WHAT IS NEEDED: The answer must be only the lines below from the one holding "106 8500 GENERAL CURRIE ROAD - thumbnail 1" down to the one holding "Bracelete Lorus RPA027X", ends included, printed exactly; please omit all pictures.

#### RECORDS FOR THIS TASK ####

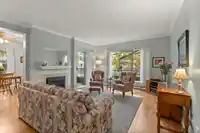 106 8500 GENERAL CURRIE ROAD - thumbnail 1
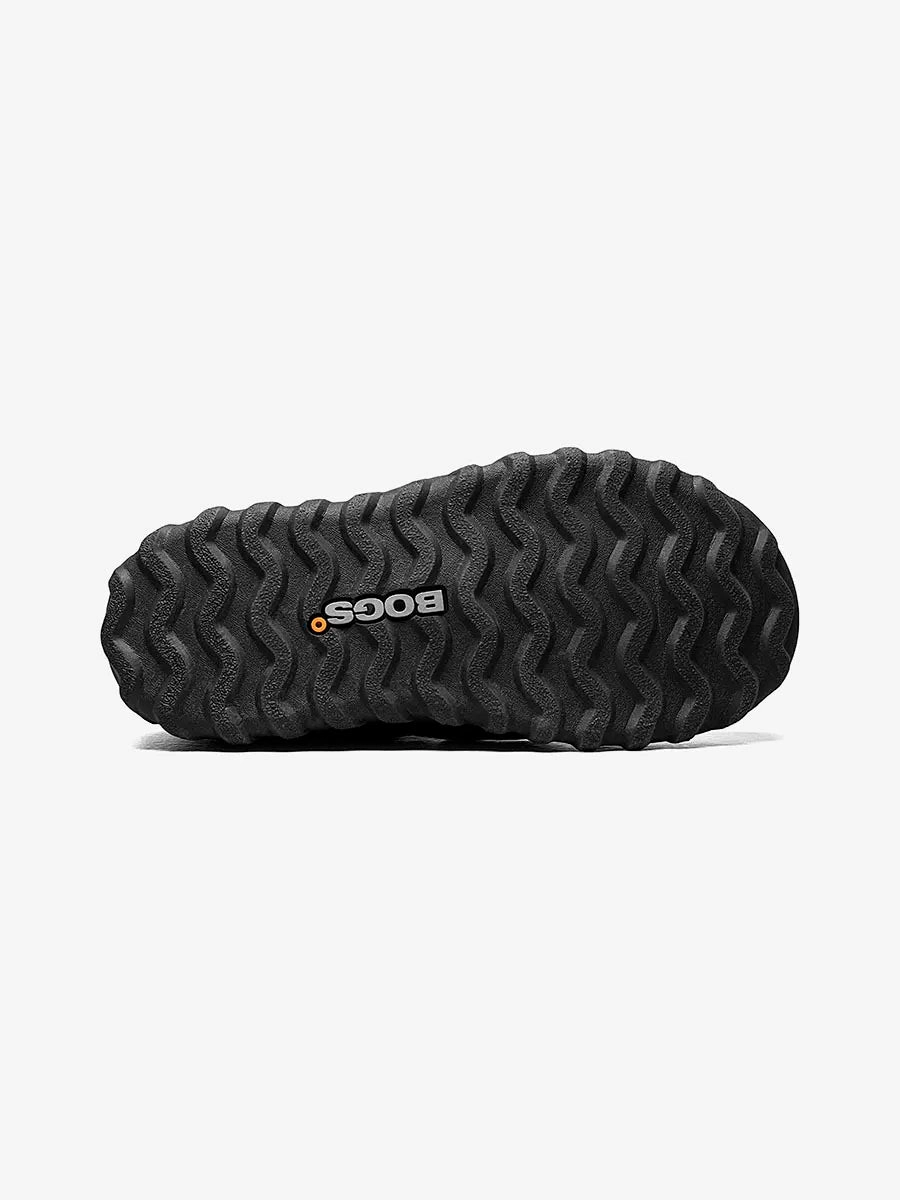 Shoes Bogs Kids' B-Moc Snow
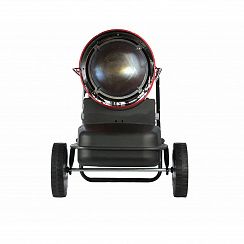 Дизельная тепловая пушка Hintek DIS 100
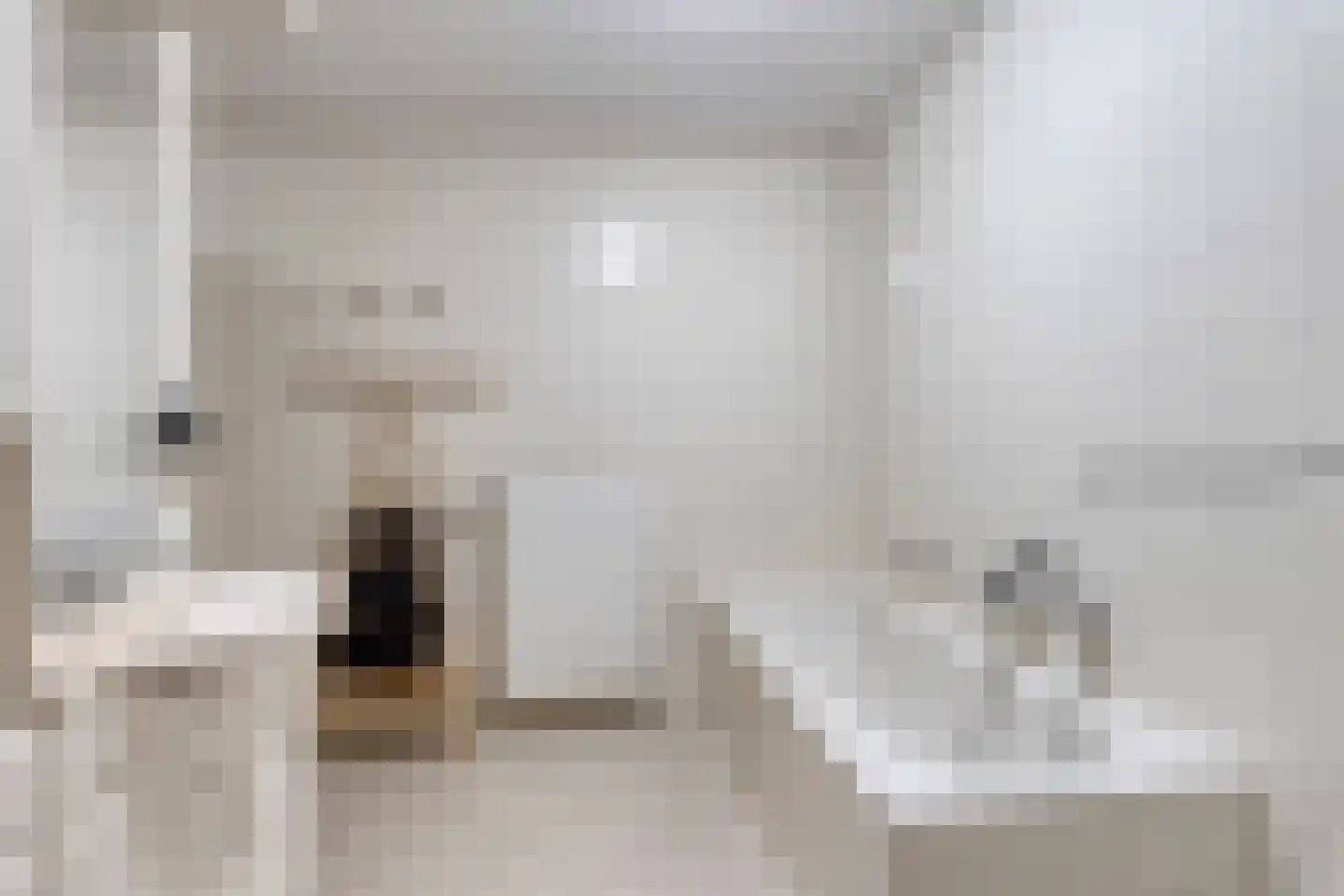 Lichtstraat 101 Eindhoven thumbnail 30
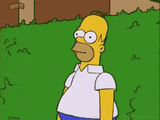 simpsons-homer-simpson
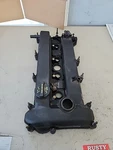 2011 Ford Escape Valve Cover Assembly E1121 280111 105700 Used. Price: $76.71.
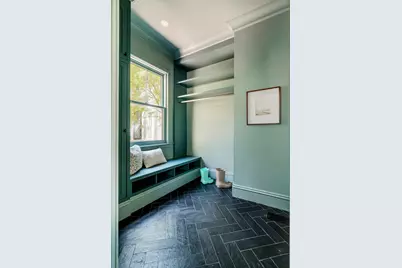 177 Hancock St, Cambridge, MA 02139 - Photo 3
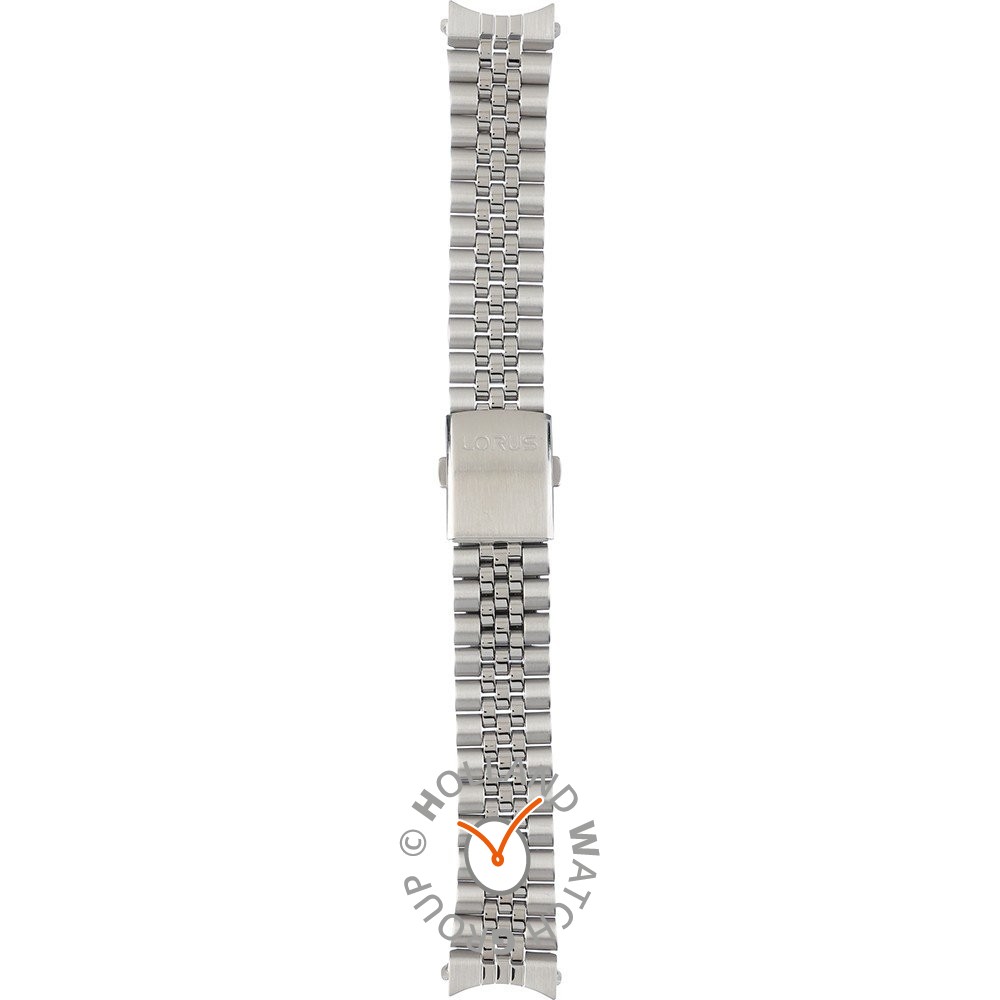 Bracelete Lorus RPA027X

####
#### RECORDS FOR THIS TASK ####

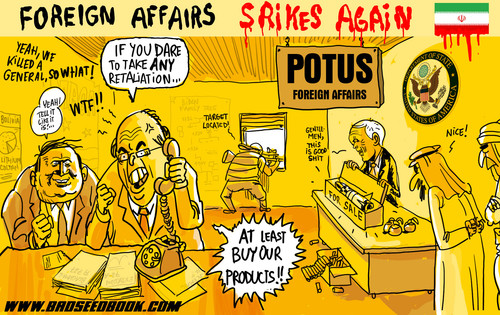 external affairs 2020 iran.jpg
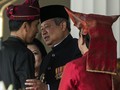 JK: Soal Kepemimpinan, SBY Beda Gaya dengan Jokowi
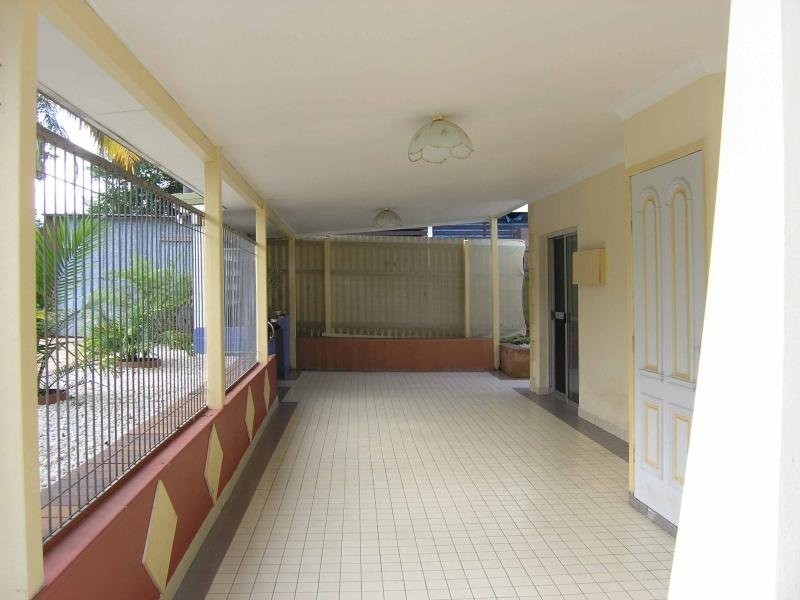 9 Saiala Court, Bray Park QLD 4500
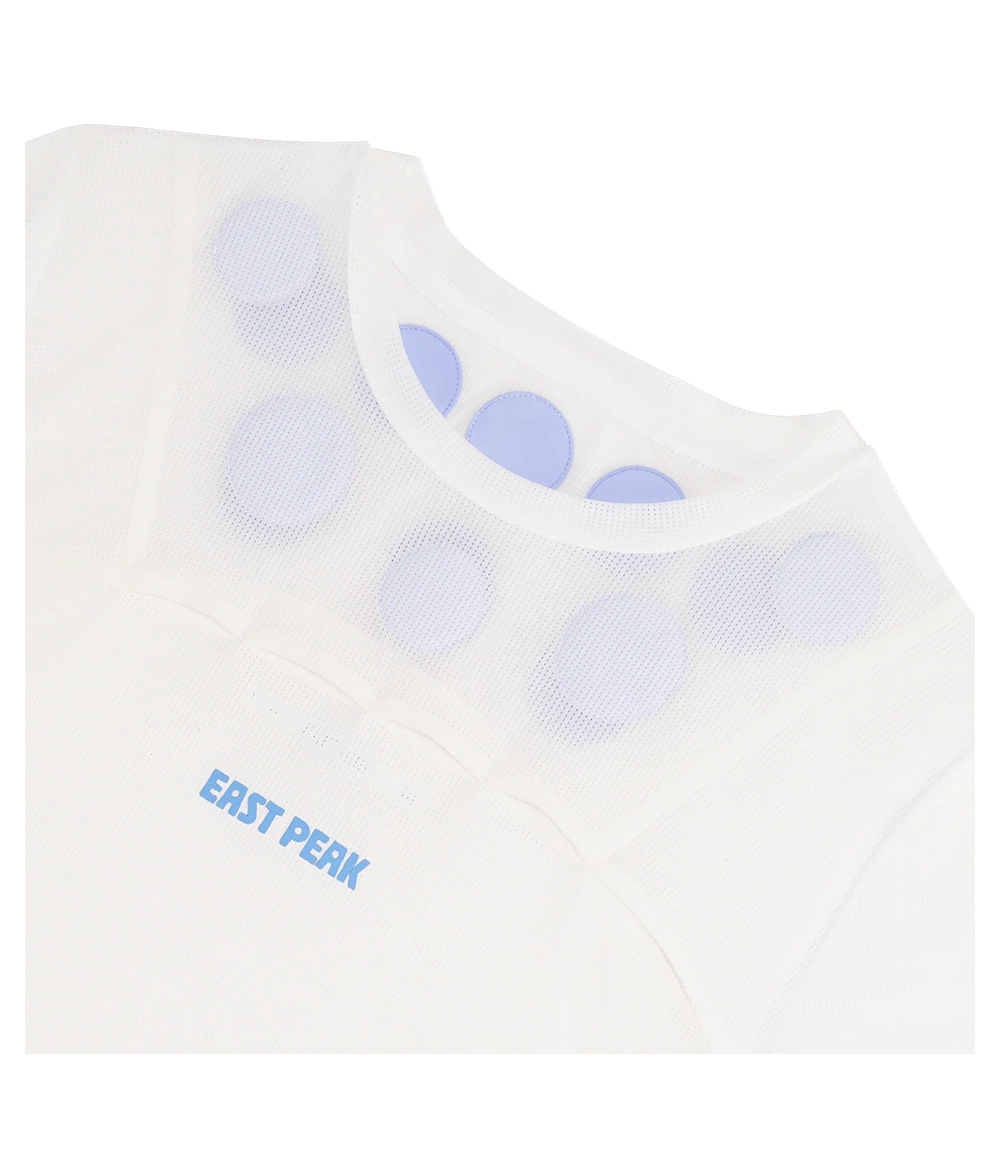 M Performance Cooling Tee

####

COMPLETED TASK:
 106 8500 GENERAL CURRIE ROAD - thumbnail 1
 Shoes Bogs Kids' B-Moc Snow
 Дизельная тепловая пушка Hintek DIS 100
 Lichtstraat 101 Eindhoven thumbnail 30
 simpsons-homer-simpson
 2011 Ford Escape Valve Cover Assembly E1121 280111 105700 Used. Price: $76.71.
 177 Hancock St, Cambridge, MA 02139 - Photo 3
 Bracelete Lorus RPA027X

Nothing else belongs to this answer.